## [Directions]
The line containing "Size L MADEWELL Lavender Shorts", plus every line that follows it to the end of the listing below, is what you transcribe exactly; omit all pictures.

## [Recorded information]
____________

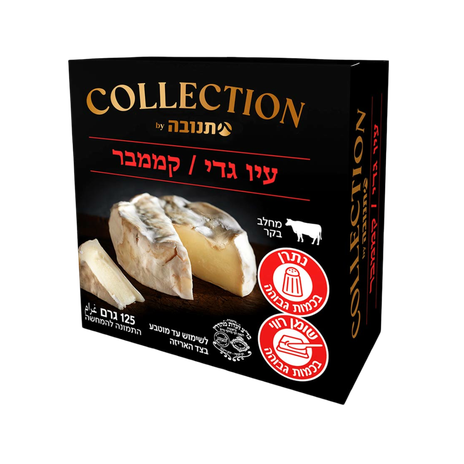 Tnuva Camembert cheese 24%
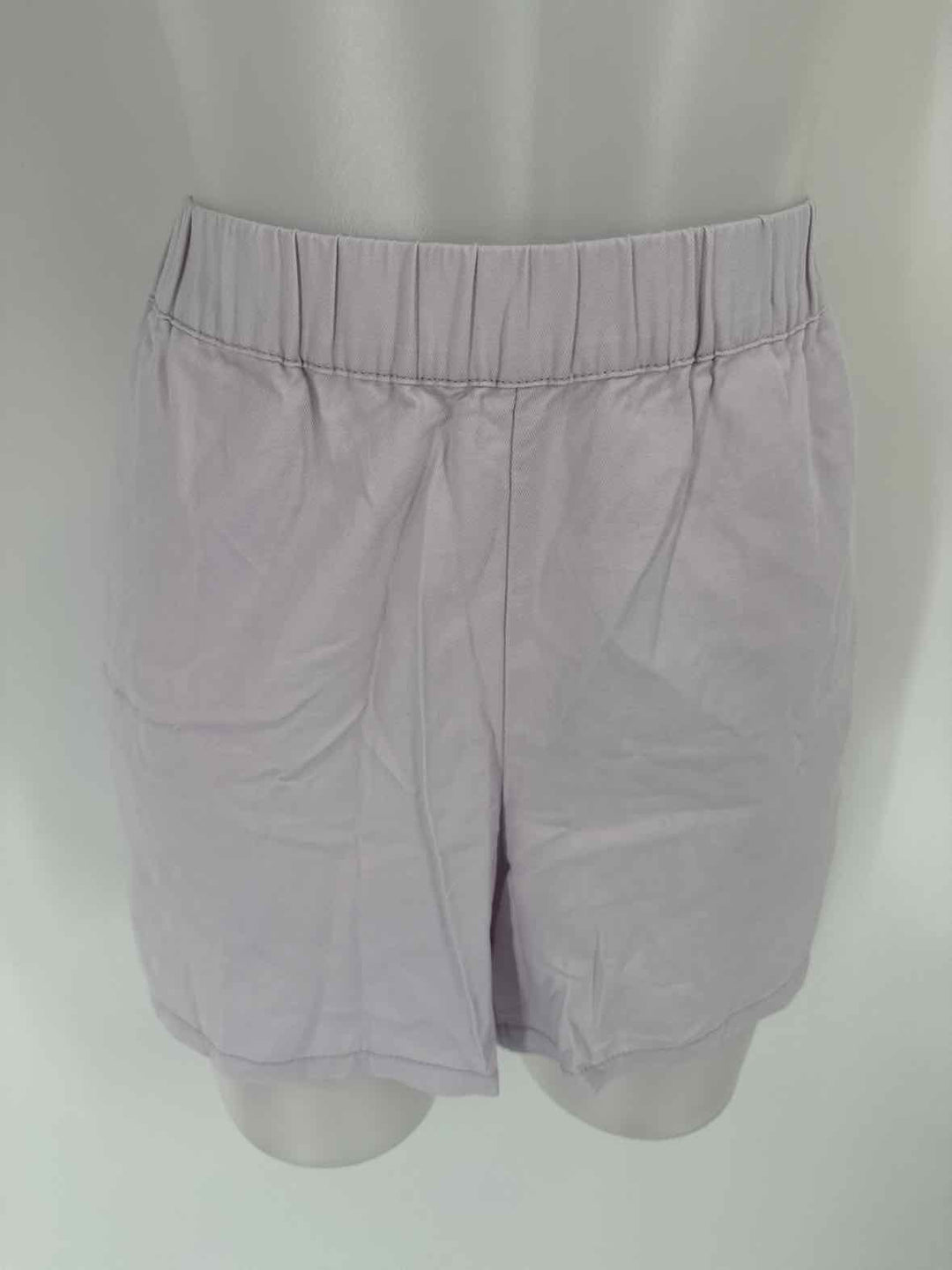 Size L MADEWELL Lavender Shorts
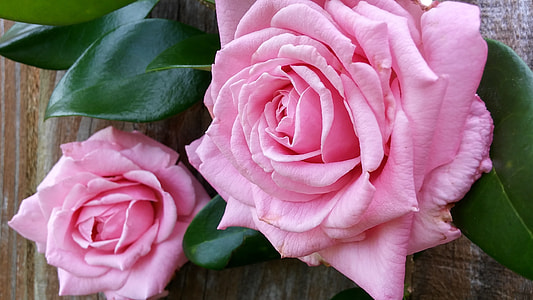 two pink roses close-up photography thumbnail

____________

## [Solution below]
 Size L MADEWELL Lavender Shorts
 two pink roses close-up photography thumbnail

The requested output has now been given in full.